Caption-style text data >>

____________________

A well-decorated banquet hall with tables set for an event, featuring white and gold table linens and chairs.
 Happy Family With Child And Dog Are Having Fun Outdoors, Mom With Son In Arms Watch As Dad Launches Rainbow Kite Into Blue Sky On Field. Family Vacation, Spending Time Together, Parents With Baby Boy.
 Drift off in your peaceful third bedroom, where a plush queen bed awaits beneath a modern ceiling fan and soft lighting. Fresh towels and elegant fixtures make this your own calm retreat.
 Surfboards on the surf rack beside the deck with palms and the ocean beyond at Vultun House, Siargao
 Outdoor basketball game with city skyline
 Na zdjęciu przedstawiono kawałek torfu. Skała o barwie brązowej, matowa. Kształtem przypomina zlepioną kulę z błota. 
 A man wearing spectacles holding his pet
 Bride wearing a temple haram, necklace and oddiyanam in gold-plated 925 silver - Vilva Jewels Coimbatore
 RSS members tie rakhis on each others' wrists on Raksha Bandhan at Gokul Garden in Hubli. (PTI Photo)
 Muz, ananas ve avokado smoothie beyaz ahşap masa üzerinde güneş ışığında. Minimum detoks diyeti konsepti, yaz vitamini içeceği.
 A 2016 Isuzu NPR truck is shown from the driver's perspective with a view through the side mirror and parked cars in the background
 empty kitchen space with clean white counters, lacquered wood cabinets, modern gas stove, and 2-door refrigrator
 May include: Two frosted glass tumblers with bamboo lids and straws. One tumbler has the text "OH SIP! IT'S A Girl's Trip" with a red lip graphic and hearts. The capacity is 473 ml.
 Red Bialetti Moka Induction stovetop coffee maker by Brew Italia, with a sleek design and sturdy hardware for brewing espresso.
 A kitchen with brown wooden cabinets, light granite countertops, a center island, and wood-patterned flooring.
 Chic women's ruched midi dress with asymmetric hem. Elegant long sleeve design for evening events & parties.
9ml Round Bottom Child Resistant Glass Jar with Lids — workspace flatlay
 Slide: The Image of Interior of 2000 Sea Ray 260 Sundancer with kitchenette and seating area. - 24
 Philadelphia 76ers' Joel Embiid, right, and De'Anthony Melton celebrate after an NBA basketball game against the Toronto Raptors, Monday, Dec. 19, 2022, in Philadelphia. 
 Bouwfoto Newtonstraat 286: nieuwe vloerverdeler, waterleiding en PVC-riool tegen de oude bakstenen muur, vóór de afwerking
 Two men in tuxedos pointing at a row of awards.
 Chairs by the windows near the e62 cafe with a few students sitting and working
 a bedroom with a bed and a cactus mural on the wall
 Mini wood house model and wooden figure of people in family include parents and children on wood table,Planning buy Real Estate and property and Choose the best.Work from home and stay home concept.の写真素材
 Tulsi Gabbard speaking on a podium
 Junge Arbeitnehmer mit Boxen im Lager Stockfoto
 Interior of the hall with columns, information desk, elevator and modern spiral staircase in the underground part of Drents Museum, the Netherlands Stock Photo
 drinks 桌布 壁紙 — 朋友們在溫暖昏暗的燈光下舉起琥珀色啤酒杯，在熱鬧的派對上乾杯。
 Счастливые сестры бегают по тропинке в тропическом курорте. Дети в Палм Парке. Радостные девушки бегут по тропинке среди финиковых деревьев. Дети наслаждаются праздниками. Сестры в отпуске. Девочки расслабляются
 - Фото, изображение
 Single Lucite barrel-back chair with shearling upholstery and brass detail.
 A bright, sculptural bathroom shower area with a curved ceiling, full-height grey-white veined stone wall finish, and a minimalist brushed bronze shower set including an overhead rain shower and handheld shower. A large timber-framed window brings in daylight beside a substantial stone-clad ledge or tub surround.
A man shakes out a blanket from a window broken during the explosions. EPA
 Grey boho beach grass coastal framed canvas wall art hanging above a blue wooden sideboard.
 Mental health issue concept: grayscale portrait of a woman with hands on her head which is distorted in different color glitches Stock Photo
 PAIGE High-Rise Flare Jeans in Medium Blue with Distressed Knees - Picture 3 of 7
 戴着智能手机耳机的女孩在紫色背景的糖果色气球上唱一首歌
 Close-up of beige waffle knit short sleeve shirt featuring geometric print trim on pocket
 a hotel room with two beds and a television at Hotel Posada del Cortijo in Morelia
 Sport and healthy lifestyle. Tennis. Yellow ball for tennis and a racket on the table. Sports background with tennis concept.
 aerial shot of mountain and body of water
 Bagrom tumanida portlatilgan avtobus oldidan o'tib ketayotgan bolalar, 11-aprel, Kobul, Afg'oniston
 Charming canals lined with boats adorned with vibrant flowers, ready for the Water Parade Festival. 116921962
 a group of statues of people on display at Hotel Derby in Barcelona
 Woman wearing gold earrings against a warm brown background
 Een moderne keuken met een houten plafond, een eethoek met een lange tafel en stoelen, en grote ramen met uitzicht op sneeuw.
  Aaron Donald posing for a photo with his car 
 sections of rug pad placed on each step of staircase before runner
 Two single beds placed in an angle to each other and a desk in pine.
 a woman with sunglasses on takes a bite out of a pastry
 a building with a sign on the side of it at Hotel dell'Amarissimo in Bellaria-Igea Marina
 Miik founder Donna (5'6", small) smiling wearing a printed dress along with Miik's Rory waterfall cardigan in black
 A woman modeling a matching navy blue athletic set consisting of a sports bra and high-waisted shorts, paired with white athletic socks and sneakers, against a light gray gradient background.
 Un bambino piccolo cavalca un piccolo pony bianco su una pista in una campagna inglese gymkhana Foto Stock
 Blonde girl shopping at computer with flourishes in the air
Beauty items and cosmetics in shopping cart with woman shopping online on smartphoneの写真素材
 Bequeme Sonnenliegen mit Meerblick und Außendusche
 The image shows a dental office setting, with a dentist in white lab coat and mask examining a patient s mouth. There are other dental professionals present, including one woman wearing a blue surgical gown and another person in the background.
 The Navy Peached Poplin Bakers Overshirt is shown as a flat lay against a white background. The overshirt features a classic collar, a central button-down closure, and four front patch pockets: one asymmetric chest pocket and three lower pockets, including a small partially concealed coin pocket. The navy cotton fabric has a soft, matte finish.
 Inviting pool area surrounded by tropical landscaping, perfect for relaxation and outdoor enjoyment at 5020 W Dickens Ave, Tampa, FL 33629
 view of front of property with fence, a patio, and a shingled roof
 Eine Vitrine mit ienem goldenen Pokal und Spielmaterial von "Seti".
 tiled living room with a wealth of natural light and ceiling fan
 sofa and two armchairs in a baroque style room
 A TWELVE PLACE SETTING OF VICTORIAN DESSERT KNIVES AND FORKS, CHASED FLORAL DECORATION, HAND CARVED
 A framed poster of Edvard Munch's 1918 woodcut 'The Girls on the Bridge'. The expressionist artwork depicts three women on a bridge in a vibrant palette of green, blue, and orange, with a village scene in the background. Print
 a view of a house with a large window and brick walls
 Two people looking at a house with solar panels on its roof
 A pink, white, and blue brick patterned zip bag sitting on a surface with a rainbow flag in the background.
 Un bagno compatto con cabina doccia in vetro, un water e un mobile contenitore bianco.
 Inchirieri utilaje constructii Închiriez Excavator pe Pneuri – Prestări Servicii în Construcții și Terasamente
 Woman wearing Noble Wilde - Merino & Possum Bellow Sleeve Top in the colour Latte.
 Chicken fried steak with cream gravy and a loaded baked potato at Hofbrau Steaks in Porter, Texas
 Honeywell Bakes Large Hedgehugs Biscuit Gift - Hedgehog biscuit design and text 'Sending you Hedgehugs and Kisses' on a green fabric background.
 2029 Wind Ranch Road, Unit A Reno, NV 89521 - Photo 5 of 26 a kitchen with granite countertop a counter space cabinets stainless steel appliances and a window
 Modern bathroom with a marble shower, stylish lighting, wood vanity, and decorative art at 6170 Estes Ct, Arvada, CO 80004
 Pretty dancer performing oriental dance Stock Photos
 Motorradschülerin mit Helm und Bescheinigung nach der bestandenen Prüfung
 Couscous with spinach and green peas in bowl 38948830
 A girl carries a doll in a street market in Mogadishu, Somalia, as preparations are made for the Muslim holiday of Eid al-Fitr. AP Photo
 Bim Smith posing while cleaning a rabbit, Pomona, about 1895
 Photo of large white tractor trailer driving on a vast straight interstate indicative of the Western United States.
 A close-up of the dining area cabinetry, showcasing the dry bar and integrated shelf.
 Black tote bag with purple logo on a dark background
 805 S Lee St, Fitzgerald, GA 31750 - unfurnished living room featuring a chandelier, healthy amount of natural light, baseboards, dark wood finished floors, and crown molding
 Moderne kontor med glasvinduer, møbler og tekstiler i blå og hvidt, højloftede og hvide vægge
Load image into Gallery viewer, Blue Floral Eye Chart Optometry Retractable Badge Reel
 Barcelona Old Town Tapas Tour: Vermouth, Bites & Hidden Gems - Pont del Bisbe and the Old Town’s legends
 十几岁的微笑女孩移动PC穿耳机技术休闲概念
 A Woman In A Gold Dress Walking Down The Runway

____________________

Exercise instructions >>
Your answer should be a single number: the count of lines in the entries that contain "Hotel".

Exercise output >>
3